The part below that opens with the line containing "近鉄京都線 寺田駅 徒歩4分" and closes with the line containing "A-6 Quattro 1" should be copied exactly, minus any pictures.
══ Data shown ══
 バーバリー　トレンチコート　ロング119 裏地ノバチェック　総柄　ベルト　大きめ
═══
══ Data shown ══
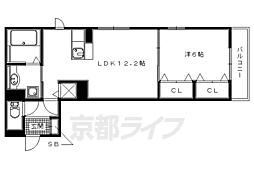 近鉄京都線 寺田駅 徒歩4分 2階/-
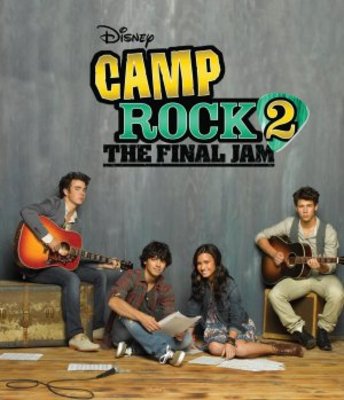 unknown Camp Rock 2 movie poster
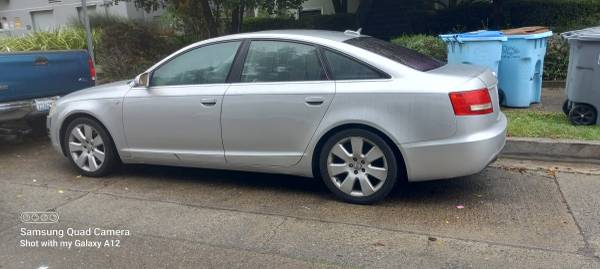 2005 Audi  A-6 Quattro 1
═══
> _Answer to this exercise_
 近鉄京都線 寺田駅 徒歩4分 2階/-
 unknown Camp Rock 2 movie poster
 2005 Audi  A-6 Quattro 1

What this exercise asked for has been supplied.